This is your Morning Wood Report: I have it.
My friend is getting herself a tramp stamp that says "property of the half blood prince".
Just ran into my ex in the WOMENS bathroom. He said I did this to him. Swore he never wore my clothes but said he liked my skirt. I need vodka.
she ate the whole pudding cup using only her tongue. i'm considering going lesbian for her
may have given a homeless man 70 dollars in exchange for his sandals. so yea, i'm going as jesus for next halloween.
The cabbie told me fat girls shouldn't wear tight clothes, and that he feels bad for the guys that have to be underneath them, especially because their positions are "very limited" and proceeded to ask me if I had a trash can and if I could throw something away for him. Don't worry though, he promised it wasn't anything "bad". He then handed me a tied up grocery bag with a bunch of wadded up Kleenex that weighed about 3 pounds. To answer your question, yes I made it home. Fml
I don't want to die alone with cake watching shows about cake
Judging by the fact that he asked me if i wanted to serenade him using cocaine and Taylor Swift I'd say I so have it in the bag.
I just had a horrible epiphany. I have fucked girls younger than Star Tours
This text was so worth waking up to
Him naked in my bed with a bottle of vodka in one hand, a pipe in the other, and a rose in his mouth.

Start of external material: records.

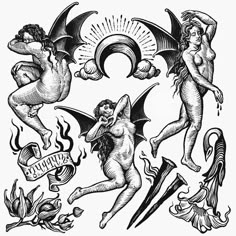 an old school tattoo design with angels and demons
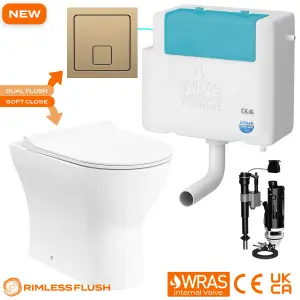 Bubly Bathrooms™ Back To Wall Toilet Rimless D Shape BTW Pan & Bottom Entry Dual Flush Concealed Cistern Set - Brushed Brass Plate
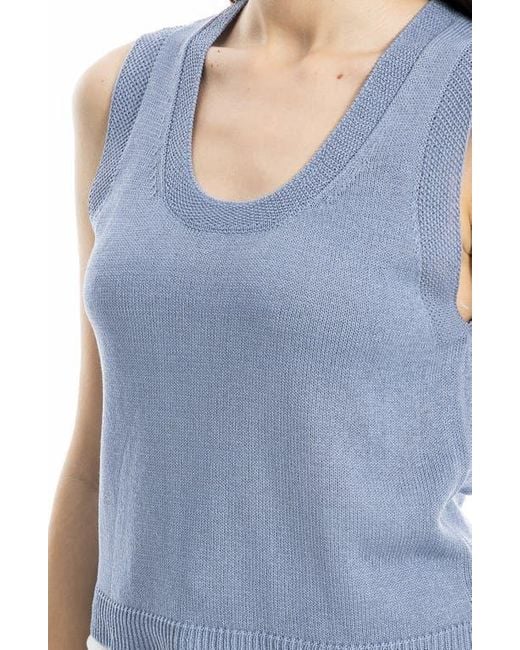 Max Studio Blue Knit Shell Top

I'm pretty sure that's why we have such good sex because we are secretly trying to kill each other
Never has jello made me angry to the point of drinking. But here I am.
He wrote his entire dissertation last night. I can only imagine the frightening amount of headway he would make if he ever did things sober.
Also your Swedish friend who's name I don't remember is really good in bed.
*Norwegian
He took a shot of vodka and AND ATE ME OUT AS A CHASER. YESSS. I AM IN LOVE.